▸ WORK ITEM
Entries below include pictures. Output exactly the lines from the one with "Men's Leisure Functional" down to the one with "Shrimp Puns and Jokes for Adults", both ends included, and leave the pictures out.

▸ LISTED RECORDS
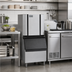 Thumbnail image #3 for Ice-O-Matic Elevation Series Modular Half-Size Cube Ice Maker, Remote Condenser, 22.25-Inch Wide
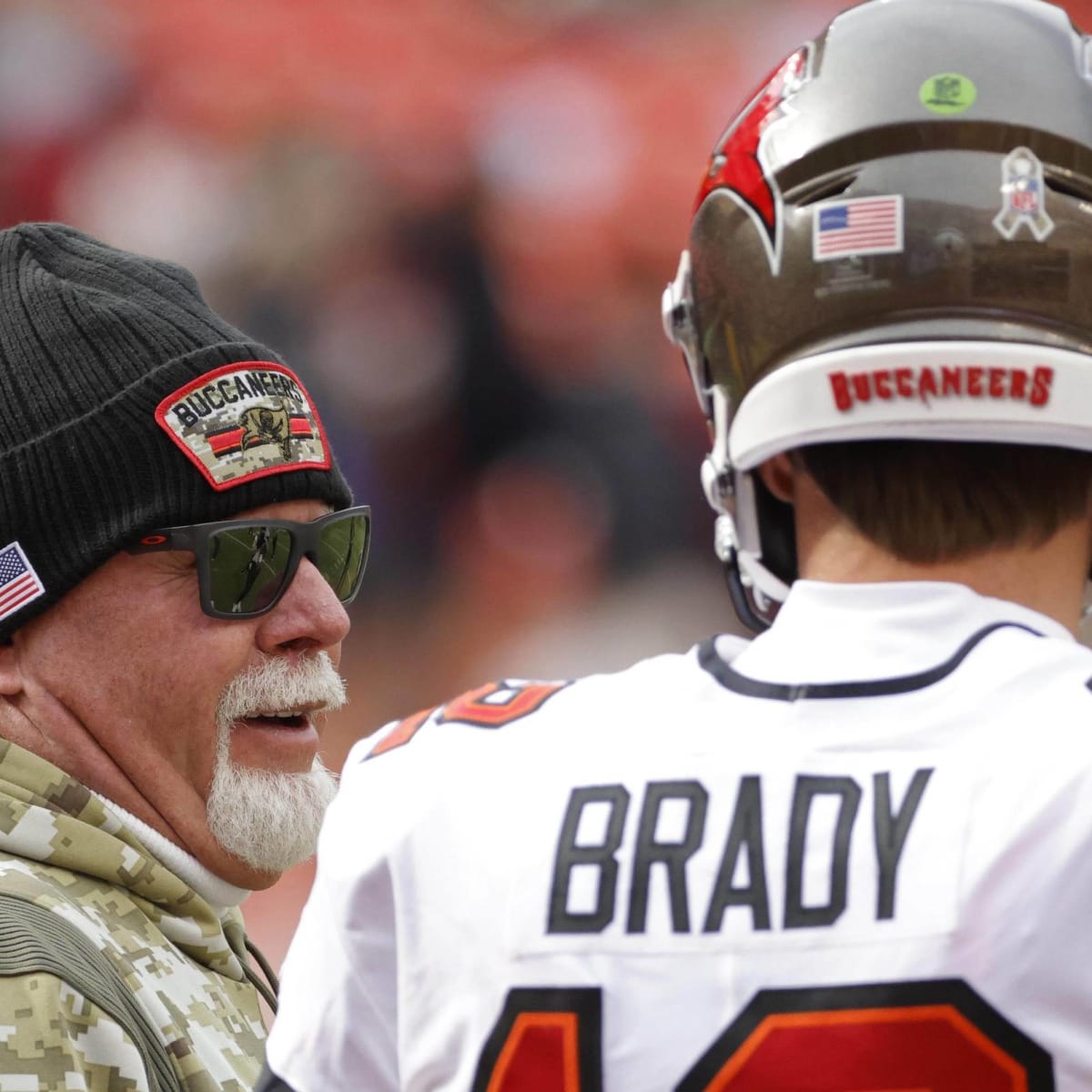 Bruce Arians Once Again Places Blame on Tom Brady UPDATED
* * *
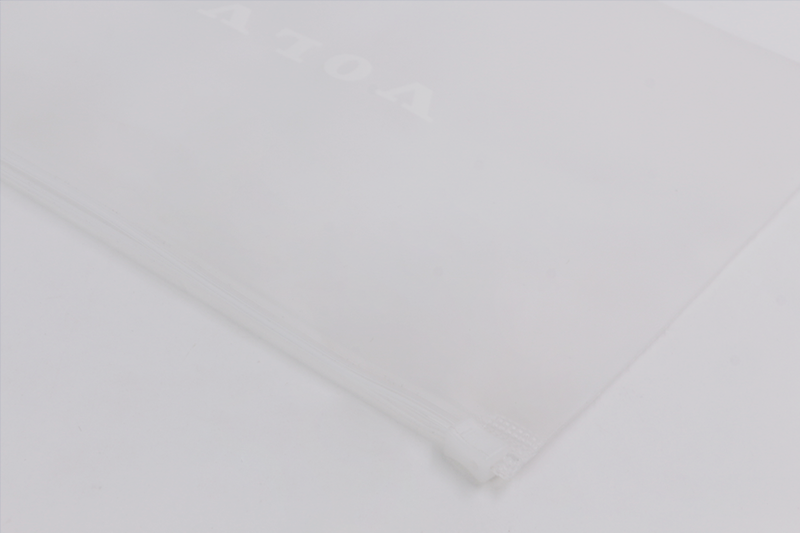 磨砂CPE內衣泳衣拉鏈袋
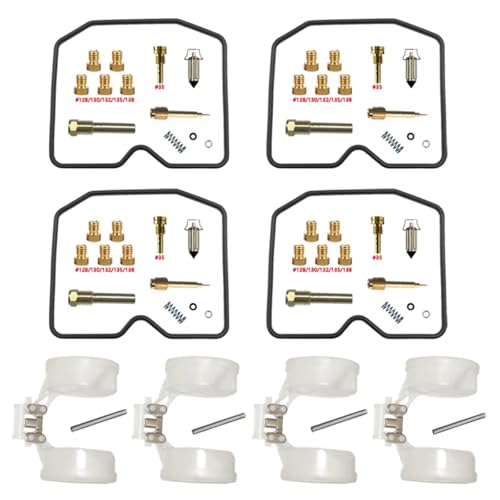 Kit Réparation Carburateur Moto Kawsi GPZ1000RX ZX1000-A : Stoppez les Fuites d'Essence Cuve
* * *
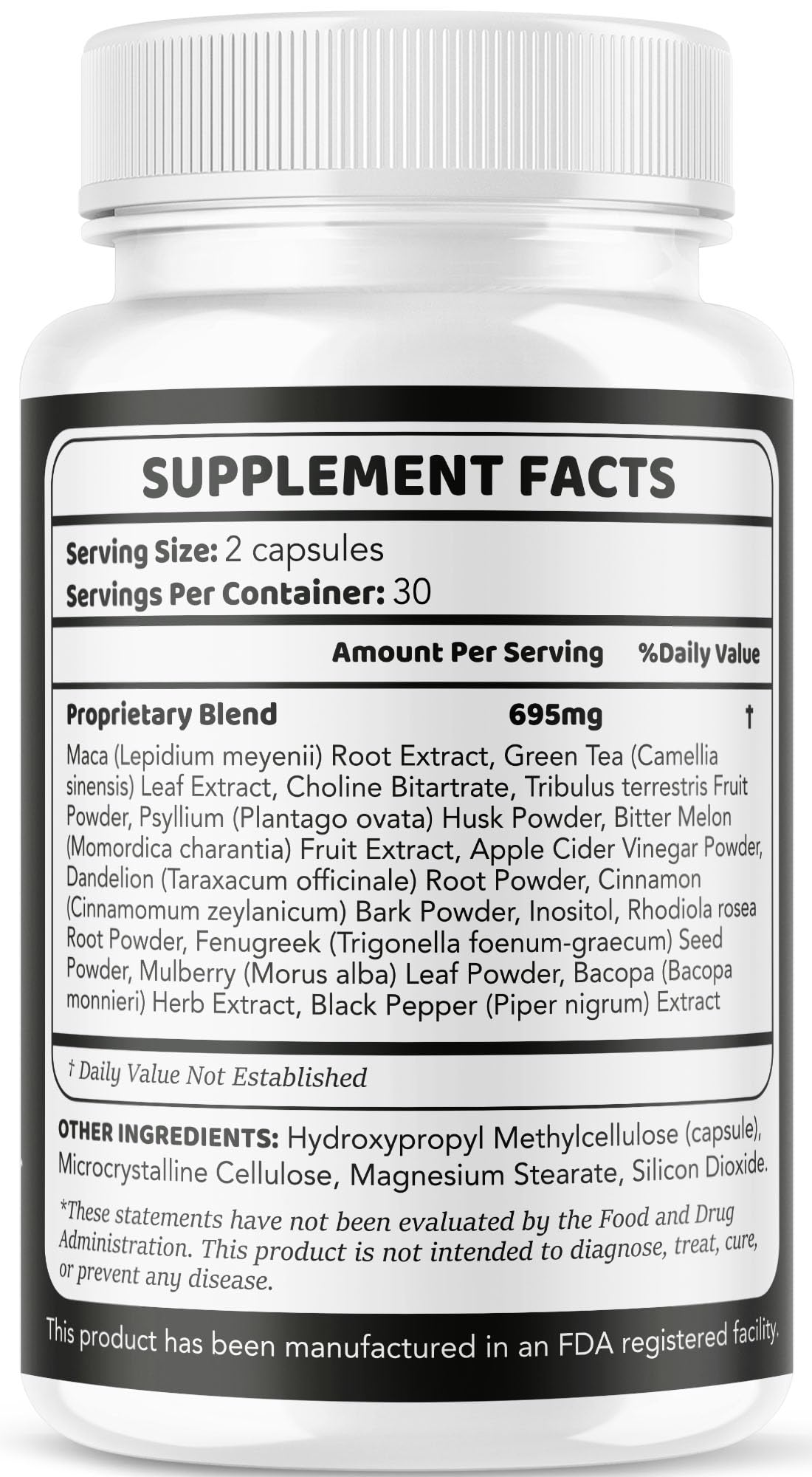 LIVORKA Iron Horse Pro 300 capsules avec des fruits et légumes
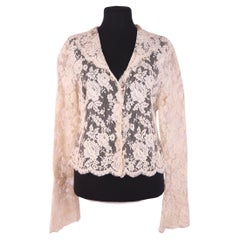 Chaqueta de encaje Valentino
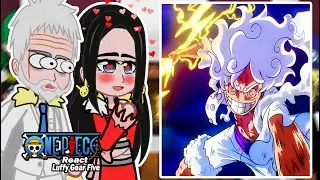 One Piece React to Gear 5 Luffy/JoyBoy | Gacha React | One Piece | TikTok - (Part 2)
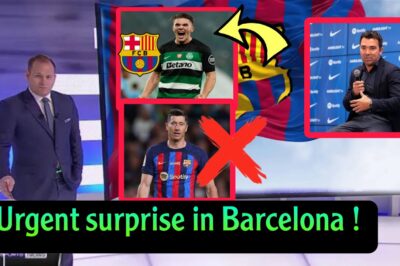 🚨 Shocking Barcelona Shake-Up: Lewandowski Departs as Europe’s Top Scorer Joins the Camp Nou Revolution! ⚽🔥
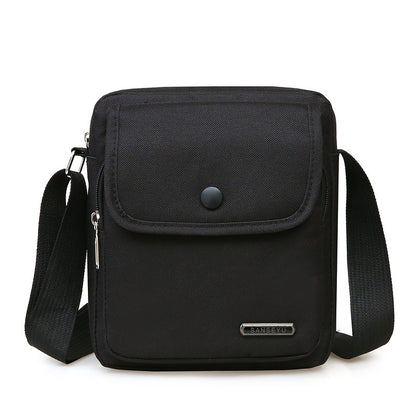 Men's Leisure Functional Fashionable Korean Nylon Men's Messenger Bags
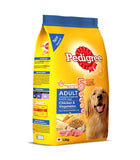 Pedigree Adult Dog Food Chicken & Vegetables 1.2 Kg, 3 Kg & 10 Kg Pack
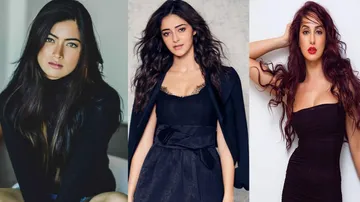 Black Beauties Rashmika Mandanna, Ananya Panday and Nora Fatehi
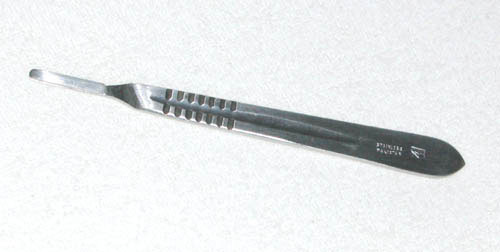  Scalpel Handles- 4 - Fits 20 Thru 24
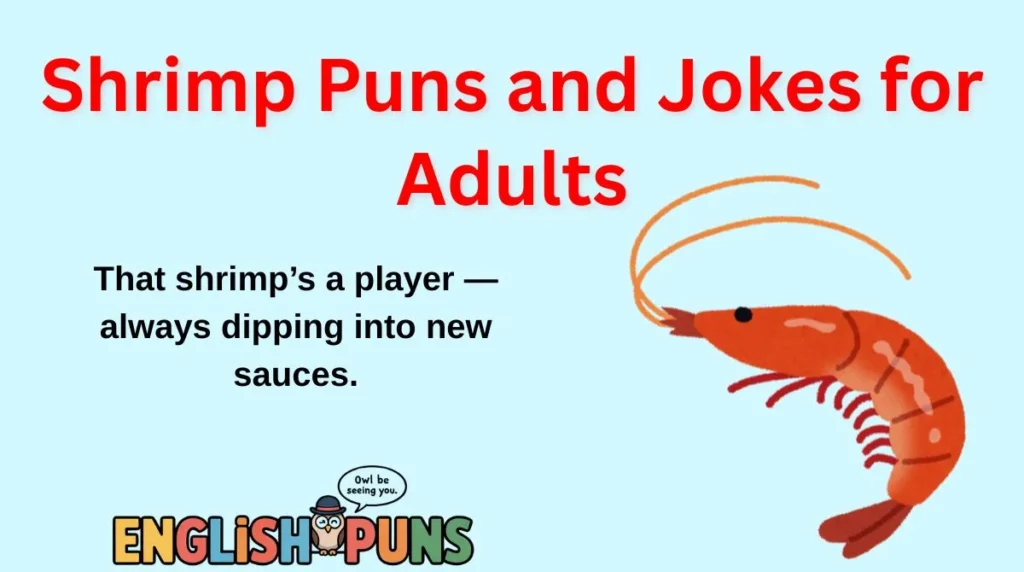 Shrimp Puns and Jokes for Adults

▸ EXERCISE RESULT
 Men's Leisure Functional Fashionable Korean Nylon Men's Messenger Bags
 Pedigree Adult Dog Food Chicken & Vegetables 1.2 Kg, 3 Kg & 10 Kg Pack
 Black Beauties Rashmika Mandanna, Ananya Panday and Nora Fatehi
  Scalpel Handles- 4 - Fits 20 Thru 24
 Shrimp Puns and Jokes for Adults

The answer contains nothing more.